> PROBLEM STATEMENT
Find the line containing "Building Photo - 19105 NE 8th Ct" in the entries below. Restate it and each line after it, word for word, up to and including the line containing "H&M Basic Blue and Gray Short Sleeve Tee".

BEGIN

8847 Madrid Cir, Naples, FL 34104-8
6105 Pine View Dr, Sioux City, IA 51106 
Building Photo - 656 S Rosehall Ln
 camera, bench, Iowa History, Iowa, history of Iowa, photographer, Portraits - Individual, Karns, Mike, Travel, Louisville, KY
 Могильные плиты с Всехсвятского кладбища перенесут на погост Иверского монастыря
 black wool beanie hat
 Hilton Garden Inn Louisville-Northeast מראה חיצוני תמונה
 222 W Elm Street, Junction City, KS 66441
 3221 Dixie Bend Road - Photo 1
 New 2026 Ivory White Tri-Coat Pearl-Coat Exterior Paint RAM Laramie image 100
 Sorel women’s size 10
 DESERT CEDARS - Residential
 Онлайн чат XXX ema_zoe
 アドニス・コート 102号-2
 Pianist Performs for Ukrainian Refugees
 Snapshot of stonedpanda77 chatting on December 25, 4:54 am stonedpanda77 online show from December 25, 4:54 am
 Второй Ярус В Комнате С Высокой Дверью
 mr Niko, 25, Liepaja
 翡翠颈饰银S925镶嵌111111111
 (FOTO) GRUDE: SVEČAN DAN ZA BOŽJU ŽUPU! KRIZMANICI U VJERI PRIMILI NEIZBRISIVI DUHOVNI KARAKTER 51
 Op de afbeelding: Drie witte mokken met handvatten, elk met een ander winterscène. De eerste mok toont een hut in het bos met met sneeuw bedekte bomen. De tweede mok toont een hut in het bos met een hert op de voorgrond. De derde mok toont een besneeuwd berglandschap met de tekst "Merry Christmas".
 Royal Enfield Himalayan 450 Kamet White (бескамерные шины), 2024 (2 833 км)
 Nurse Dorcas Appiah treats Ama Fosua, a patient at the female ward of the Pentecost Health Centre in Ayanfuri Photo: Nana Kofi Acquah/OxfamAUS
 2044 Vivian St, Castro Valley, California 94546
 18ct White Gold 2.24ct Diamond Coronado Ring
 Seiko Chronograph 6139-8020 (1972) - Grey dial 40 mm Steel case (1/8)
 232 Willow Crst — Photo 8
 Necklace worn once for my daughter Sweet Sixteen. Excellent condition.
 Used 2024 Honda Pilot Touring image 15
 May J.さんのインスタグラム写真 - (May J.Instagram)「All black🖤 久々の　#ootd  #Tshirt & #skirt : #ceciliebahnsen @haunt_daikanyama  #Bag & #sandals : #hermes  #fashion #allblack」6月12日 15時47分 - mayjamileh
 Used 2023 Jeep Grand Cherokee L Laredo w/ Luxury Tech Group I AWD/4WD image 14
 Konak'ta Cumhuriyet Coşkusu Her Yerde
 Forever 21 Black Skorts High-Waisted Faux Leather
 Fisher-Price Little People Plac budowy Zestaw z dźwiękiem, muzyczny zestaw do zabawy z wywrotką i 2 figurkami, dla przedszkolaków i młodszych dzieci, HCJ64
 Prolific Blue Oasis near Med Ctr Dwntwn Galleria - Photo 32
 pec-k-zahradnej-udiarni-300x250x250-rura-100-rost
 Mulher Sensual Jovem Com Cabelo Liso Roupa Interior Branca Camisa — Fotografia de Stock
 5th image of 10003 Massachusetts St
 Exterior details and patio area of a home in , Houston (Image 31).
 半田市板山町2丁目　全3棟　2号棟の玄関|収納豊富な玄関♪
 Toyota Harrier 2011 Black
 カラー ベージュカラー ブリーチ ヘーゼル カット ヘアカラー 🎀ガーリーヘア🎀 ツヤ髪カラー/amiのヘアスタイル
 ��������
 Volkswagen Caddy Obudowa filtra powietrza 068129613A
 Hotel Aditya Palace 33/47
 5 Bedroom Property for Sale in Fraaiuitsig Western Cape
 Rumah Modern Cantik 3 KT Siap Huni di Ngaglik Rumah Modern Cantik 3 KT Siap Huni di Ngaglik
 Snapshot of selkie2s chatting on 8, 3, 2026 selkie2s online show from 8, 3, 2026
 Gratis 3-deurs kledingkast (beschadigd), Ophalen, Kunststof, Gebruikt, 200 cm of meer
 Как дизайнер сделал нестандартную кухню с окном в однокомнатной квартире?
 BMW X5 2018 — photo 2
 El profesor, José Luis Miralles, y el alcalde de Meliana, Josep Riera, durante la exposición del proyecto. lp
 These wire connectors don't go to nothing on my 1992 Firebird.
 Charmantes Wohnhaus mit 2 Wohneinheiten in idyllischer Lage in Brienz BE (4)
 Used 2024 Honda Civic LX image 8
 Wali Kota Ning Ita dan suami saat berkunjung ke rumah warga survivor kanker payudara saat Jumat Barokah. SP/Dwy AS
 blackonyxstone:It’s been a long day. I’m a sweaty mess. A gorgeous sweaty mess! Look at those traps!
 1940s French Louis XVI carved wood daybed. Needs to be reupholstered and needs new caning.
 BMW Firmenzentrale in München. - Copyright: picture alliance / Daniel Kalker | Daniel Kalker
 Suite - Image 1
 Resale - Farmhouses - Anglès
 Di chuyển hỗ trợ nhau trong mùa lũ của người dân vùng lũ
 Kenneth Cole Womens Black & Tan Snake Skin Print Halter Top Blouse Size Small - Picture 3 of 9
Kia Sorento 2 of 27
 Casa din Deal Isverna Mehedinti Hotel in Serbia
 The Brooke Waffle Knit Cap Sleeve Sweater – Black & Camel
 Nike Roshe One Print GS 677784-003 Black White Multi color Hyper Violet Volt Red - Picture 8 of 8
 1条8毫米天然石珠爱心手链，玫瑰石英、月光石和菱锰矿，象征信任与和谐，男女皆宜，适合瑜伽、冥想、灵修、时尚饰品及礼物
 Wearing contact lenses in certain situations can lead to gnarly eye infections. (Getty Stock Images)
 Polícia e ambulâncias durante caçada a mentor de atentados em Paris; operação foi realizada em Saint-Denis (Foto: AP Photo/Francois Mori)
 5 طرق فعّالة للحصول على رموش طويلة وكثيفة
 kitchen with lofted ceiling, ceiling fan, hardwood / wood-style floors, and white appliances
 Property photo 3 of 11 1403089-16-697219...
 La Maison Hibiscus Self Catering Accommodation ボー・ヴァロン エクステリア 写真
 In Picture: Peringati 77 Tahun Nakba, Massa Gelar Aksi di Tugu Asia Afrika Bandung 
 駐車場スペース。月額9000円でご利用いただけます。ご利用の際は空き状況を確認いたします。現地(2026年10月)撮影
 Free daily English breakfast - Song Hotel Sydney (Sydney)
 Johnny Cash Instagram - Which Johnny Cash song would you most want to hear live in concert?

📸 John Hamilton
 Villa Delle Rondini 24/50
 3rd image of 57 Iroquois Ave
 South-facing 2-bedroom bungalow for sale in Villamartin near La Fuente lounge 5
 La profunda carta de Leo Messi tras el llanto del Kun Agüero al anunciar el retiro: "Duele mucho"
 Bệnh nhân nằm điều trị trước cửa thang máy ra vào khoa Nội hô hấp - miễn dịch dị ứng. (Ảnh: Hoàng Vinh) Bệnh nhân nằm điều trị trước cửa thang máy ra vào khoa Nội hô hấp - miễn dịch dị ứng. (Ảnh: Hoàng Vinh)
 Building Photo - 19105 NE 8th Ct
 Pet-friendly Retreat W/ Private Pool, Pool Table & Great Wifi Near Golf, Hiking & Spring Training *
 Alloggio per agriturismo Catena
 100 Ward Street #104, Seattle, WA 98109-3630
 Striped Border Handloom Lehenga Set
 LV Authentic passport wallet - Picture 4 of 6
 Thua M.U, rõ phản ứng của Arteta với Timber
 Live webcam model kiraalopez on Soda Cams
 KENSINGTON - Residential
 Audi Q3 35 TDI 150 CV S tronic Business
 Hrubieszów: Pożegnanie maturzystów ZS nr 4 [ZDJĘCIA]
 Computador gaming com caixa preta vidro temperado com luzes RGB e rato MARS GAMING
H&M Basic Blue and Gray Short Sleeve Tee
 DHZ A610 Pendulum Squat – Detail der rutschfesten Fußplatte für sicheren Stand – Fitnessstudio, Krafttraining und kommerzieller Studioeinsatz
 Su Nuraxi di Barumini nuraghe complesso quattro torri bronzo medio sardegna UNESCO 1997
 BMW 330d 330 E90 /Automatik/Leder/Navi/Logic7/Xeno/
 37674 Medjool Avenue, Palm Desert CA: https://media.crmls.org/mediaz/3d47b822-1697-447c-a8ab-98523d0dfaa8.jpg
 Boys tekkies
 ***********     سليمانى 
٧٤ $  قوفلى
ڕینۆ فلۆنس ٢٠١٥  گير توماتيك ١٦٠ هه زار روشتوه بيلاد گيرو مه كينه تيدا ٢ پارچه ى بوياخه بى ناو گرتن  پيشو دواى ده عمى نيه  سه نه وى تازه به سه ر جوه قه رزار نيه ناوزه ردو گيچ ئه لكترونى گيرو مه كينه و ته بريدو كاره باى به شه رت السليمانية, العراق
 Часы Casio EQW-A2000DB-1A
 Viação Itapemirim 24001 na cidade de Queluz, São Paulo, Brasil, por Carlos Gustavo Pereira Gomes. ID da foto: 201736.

END

> ANSWER FOR THE TASK
 Building Photo - 19105 NE 8th Ct
 Pet-friendly Retreat W/ Private Pool, Pool Table & Great Wifi Near Golf, Hiking & Spring Training *
 Alloggio per agriturismo Catena
 100 Ward Street #104, Seattle, WA 98109-3630
 Striped Border Handloom Lehenga Set
 LV Authentic passport wallet - Picture 4 of 6
 Thua M.U, rõ phản ứng của Arteta với Timber
 Live webcam model kiraalopez on Soda Cams
 KENSINGTON - Residential
 Audi Q3 35 TDI 150 CV S tronic Business
 Hrubieszów: Pożegnanie maturzystów ZS nr 4 [ZDJĘCIA]
 Computador gaming com caixa preta vidro temperado com luzes RGB e rato MARS GAMING
H&M Basic Blue and Gray Short Sleeve Tee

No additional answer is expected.